C'è terrorismo e terrorismo.
Il terrorismo di una volta, colpiva re, imperatori, dittatori, gerarchi fascisti. Insomma uomini di potere. Certo quando una bomba scoppia gli effetti si allontanano dagli obbiettivi, e qualche innocente poteva anche essere coinvolto.
Ma l'obbiettivo era raggiunto.
Erano i potenti ad avere paura e si dotavano sempre più di macchine blindate, di scorte armate. Questo era uno dei motivi per cui questa forma di ribellione era inefficace e forse, controproducente.

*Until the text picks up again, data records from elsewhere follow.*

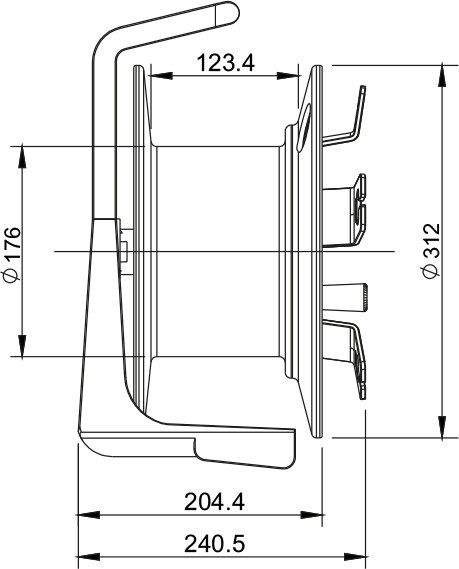 Bęben do kabla Roxtone PCD310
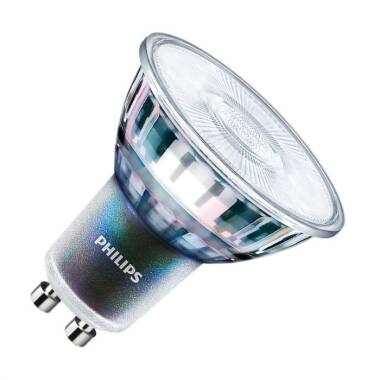 Philips ExpertColour 3.9W Warm White 2700k Dimmable LED GU10 Bulb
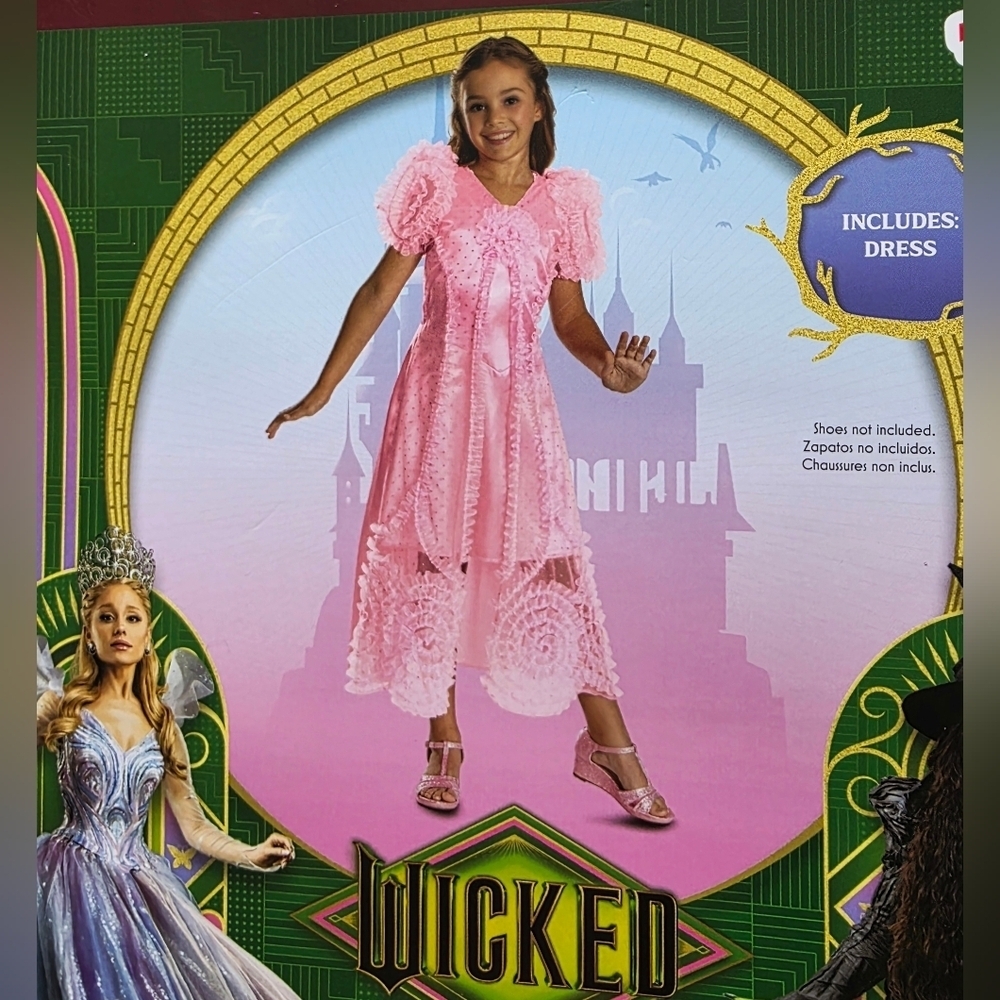 New Girl's Wicked Glinda Popular Dress cosplay Halloween Classic Costume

Questo invece che chiamano terrorismo colpisce solo la povera gente, i locali e gli edifici che la gente comune frequenta, ristoranti, bar, sale di concerti , stazione di pullman. Dove si ammassa di più la gente, là dove si svolge la vita quotidiana, perché occorre che si faccia più vittime possibili, fra la povera gente. Le vittime non sono simboli del potere, il potere non viene intaccato, ma anzi rafforzato e quindi l'obbiettivo non è il potere l'atto non è contro il potere
Ma questo cosa produce?
E' una lotta contro il potere o solo un modo per incutere paura diffusa, terrore, senso di insicurezza, richiesta di un aiuto superiore, senso di impotenza. Richiede uno Stato forte, autoritario, militarizzato, nella speranza di sentirsi protetti. E se lo si dà questo verrà visto come un senso di benessere, di soddisfazione. Più polizia e forze armate si vedranno per le strade più ci si sentirà al sicuro. Ma è solo illusione. Insieme a questo si accompagna la diminuita libertà del singolo e della collettività E' il prezzo da pagare diranno. O invece è l'obbiettivo di questo che chiamano terrorismo?

E allora questa forma che chiamano terrorismo che cosa agevola, chi favorisce dove porta. Esattamente la dove vuole l'intenzione di questi che chiamano "terrorismo".